On beş yeni üniversite, pardon, ‘yüksek lise’ açılıyormuş... Aralarında Uşak, Ordu ve Düzce üniversiteleri falan varmış... Ne güzel... Bu kadarını Evliya Çelebi bile düşlerinde göremezdi...(...)
Amaç elbette bilim ve düşünce üretmek değil, ‘Atatürk devrimlerine yürekten bağlı genç kuşaklar’ yetiştirmek. Bizde üniversite böyle algılanıyor, utanmasalar lisedeki gibi ‘milli güvenlik’ dersi de koyacaklar, ardından diş koruma, iş bilgisi, dikiş nakış dersleri, hal ve gidiş notu falan da gelecek.
(Bu arada, siyasi fikirleri nedeniyle profesörünü harcayan Gazi Üniversitesi’nin kuruluşundan bugüne kadar hangi keşif ve icada imza attığını da merak etmekteyim, rektörü açıklasa da öğrensek...)
Bu yeni kurulacak yüksek liselere elbette ‘kurucu rektörler’ atanacak.
Hükümet elbette birtakım adaylar göstermiş, cumhurbaşkanı da elbette reddetmiş. Hep böyle oluyor.
Adaylar herhalde Atatürk ilkelerine pek fazla bağlı değillermiş, şimdi bağlıları bulunacak.

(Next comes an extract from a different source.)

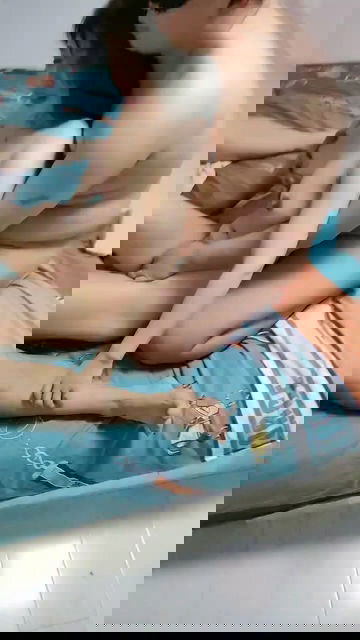221 五男两女淫乱派对，房间里的群P，两个骚逼伺候好几个男人啪啪，口交舔逼揉奶抽插.jpg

Aslında bu adayları YÖK belirliyor da, bir ay içinde beceremeyince bu yetki bakanlığa devrediliyor, sayın cumhurbaşkanı da bunun ‘bilimsel özerkliği zedeleyeceğini’ belirtmiş.
Fakat, rektör atamalarının YÖK gibi bir ‘üniversitelerüstü süper denetim mekanizmasına’ ve cumhurbaşkanının da onayına bırakılmasının bilimsel özerkliği zedeleyeceğini söylememiş!
Çünkü YÖK, 12 Eylül yönetimi tarafından ‘üniversiteleri solculardan temizlemesi’ amacıyla kuruldu, bugün de üniversiteleri ‘dincilerden temizlemek amacıyla’ kullanılıyor ve kimse de buna sesini çıkarmıyor. Bu kurumun antidemokratik olduğunu ileri sürenler, kendi işlerine geldiği sürece antidemokratik kalmasına göz yumuyorlar.
Niçin her üniversite kendi rektörünü kendisi seçemiyor, eskiden olduğu gibi?
Niçin cumhurbaşkanı devreye sokuluyor?
Rektör atamak, büyükelçi göndermek gibilerden bir iş midir?
Bağımsız rektörler ve ‘fikri ve vicdanı hür’ profesörlerin sonra çıkıp ileri geri konuşmaları önlenemeyecek o zaman, bundan mı korkuluyor?
Niçin hiçkimse ‘üniversite’ kelimesinin anlamını merak etmiyor, sözlüğü açıp bakmıyor, Google’a sormuyor?
Arslan parçası solcularımız neredeler, Çokoprens almaya mı gittiler?
Onlar şimdilik Avrupa Birliği’yle mücadele halindeler, demokrasi, katılım, özerklik falan gibi çarçur konularla ilgilenemezler.
Haydi siz de doğru maça! ‘Yüzyılın maçı’ ve de ‘dünyanın en büyük derbisiymiş’... Hakeme de ‘hocam’ dersiniz, vallahi üniversiteye gitmiş kadar olursunuz! Bilim üretimi açısından Türk üniversiteleriyle Saraçoğlu Stadı arasında önemli bir fark mı var?